> _Action item_: Output only the lines of the entries that follow, starting at the one with "This color grade" and running down to the one with "I can see the", both included and unchanged.

> _Source data_:
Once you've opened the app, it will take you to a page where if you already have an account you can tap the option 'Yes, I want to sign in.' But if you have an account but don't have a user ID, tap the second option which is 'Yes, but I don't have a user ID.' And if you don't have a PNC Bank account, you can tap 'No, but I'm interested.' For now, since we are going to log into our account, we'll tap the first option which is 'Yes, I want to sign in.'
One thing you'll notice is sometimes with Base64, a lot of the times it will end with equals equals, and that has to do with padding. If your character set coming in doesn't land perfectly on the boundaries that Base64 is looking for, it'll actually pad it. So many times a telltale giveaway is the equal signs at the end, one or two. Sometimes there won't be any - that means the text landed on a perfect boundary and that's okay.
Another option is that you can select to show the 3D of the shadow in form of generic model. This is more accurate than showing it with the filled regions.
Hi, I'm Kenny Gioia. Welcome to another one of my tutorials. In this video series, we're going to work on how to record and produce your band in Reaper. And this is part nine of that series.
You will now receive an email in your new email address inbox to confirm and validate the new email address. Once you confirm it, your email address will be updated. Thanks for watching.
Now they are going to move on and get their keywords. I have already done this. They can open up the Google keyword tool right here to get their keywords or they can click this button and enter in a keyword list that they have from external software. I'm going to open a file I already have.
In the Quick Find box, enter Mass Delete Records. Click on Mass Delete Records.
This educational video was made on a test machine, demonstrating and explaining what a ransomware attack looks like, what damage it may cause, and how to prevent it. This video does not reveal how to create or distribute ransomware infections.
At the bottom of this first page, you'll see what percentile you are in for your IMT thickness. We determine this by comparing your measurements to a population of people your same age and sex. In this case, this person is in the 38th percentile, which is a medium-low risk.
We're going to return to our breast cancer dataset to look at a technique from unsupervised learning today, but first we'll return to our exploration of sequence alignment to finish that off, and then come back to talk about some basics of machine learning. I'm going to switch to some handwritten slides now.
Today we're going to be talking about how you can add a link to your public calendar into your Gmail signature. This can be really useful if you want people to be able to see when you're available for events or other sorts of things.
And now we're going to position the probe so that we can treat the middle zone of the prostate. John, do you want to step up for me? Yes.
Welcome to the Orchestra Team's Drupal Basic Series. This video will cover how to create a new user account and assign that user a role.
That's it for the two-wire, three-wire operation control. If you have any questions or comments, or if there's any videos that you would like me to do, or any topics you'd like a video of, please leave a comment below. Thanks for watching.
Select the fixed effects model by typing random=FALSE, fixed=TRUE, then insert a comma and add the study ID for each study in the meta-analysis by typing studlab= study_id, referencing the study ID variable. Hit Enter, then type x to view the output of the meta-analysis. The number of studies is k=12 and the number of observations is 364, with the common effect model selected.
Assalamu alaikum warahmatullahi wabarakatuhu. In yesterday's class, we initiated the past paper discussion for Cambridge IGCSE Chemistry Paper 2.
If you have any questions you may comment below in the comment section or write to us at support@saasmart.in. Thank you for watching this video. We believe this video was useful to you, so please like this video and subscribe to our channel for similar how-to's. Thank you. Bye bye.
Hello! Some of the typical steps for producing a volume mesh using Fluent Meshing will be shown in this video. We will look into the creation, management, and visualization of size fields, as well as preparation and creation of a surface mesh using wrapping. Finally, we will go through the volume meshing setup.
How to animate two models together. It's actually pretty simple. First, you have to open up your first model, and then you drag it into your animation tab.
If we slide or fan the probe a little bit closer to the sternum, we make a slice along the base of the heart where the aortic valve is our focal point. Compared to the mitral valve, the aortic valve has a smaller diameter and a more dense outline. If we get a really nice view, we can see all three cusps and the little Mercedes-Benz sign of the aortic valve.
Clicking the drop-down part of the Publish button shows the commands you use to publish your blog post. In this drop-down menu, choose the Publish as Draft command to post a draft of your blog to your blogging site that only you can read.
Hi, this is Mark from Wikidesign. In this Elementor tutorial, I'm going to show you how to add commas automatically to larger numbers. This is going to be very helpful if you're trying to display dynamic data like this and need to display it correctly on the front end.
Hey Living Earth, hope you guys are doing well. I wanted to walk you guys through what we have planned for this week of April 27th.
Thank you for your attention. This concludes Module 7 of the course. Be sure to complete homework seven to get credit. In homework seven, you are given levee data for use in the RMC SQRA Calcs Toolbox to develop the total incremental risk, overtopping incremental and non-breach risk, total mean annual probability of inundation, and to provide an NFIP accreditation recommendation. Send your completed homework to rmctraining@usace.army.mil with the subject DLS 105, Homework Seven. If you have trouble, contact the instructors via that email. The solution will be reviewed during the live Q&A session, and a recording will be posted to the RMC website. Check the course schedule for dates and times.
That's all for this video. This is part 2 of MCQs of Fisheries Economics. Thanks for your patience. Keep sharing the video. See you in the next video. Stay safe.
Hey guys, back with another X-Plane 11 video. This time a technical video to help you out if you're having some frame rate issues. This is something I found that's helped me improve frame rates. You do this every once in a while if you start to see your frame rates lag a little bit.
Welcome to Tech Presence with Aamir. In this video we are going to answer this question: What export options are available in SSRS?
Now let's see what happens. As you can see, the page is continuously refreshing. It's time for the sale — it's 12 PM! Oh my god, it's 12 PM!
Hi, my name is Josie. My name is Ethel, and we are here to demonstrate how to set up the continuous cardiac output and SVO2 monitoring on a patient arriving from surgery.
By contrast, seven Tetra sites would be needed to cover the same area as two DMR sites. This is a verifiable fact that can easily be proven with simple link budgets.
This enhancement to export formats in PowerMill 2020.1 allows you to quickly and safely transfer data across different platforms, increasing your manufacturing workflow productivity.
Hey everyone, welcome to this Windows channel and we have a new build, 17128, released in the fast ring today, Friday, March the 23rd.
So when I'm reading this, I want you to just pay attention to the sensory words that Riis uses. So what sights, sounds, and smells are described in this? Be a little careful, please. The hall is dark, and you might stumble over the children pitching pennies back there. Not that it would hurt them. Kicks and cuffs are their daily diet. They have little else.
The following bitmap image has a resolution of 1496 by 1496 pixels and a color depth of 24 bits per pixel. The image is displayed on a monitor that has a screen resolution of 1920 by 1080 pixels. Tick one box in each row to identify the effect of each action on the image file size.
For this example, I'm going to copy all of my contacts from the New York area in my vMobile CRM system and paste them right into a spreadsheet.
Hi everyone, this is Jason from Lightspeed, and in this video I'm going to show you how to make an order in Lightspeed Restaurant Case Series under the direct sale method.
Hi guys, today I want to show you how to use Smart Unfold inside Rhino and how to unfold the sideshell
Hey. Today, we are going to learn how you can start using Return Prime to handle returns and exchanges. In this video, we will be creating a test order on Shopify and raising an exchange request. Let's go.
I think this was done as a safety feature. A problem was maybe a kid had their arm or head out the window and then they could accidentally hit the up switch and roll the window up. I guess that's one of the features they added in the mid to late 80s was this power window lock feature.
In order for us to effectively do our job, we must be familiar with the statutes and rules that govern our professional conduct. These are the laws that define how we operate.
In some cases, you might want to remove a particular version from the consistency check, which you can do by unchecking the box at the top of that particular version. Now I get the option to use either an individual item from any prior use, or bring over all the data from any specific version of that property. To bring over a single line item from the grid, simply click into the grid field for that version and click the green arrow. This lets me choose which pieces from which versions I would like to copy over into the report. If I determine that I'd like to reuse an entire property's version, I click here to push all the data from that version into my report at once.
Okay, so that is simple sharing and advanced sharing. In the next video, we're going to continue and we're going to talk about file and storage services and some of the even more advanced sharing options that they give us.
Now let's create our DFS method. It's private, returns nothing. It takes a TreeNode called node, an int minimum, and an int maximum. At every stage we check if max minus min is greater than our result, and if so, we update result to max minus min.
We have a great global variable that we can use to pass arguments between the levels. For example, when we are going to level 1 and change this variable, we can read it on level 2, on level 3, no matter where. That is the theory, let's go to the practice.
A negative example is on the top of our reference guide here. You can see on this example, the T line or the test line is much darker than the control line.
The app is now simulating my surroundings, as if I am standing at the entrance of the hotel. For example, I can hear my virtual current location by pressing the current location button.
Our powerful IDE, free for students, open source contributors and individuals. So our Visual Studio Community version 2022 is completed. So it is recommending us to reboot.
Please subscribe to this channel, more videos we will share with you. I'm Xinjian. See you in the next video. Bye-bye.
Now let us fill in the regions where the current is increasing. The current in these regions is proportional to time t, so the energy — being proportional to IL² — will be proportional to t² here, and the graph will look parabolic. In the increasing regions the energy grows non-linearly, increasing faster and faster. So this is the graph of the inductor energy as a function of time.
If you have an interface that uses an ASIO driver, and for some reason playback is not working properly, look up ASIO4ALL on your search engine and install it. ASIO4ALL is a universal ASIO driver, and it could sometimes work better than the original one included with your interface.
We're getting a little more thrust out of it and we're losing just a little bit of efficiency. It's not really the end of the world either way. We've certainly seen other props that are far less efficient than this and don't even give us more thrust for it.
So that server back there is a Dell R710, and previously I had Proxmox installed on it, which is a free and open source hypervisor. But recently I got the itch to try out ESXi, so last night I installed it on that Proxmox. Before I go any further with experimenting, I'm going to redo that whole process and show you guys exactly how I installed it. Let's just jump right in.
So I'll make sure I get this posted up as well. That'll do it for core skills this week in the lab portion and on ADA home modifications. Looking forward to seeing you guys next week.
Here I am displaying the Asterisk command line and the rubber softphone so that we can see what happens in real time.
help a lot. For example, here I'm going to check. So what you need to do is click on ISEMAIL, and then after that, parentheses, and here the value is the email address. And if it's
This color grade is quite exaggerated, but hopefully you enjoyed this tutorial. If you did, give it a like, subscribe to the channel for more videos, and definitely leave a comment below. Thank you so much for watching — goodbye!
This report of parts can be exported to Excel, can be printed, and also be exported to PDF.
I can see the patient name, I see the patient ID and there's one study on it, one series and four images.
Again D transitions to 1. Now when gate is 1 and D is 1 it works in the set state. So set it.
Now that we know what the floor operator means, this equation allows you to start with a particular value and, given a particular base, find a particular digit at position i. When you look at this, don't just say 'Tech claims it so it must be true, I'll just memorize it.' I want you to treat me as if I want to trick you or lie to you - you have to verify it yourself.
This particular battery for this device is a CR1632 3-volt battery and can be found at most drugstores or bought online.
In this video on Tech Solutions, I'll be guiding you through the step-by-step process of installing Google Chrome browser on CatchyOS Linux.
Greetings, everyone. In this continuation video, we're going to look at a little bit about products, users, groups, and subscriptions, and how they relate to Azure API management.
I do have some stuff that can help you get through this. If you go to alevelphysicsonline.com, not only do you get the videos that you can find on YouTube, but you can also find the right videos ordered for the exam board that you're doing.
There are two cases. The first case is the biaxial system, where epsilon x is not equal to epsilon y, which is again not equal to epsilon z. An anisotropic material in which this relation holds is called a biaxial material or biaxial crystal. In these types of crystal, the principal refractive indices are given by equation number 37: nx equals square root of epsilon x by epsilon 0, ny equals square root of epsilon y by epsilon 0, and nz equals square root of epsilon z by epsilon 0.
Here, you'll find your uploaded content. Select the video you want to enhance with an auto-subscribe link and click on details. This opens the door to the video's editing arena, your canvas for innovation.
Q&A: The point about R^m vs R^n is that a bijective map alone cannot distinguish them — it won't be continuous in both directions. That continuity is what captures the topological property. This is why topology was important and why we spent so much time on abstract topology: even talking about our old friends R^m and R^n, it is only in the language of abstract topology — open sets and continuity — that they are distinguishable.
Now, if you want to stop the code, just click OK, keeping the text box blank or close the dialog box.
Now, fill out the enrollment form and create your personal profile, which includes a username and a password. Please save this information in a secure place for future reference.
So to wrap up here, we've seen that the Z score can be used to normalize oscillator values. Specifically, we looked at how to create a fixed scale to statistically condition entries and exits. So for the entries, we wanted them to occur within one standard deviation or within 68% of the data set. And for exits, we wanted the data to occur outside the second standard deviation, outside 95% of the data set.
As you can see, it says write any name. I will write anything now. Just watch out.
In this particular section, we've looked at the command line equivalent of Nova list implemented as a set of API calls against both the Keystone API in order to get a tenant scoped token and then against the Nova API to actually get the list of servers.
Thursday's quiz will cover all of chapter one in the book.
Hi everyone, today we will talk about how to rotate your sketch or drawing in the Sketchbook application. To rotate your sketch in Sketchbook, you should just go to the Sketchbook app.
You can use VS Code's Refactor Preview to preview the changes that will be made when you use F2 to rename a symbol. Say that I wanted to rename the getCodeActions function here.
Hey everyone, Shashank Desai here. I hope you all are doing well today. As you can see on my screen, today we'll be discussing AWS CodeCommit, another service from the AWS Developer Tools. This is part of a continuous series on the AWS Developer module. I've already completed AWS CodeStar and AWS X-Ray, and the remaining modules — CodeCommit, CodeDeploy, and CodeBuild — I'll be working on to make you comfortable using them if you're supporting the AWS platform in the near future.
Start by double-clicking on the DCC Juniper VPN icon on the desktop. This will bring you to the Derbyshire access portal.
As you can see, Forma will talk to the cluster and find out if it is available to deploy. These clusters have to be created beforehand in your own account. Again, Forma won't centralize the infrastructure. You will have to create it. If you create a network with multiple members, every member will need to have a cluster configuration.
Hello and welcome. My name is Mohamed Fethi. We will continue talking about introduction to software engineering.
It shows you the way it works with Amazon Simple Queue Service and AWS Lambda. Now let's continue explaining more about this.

> _Final answer_:
This color grade is quite exaggerated, but hopefully you enjoyed this tutorial. If you did, give it a like, subscribe to the channel for more videos, and definitely leave a comment below. Thank you so much for watching — goodbye!
This report of parts can be exported to Excel, can be printed, and also be exported to PDF.
I can see the patient name, I see the patient ID and there's one study on it, one series and four images.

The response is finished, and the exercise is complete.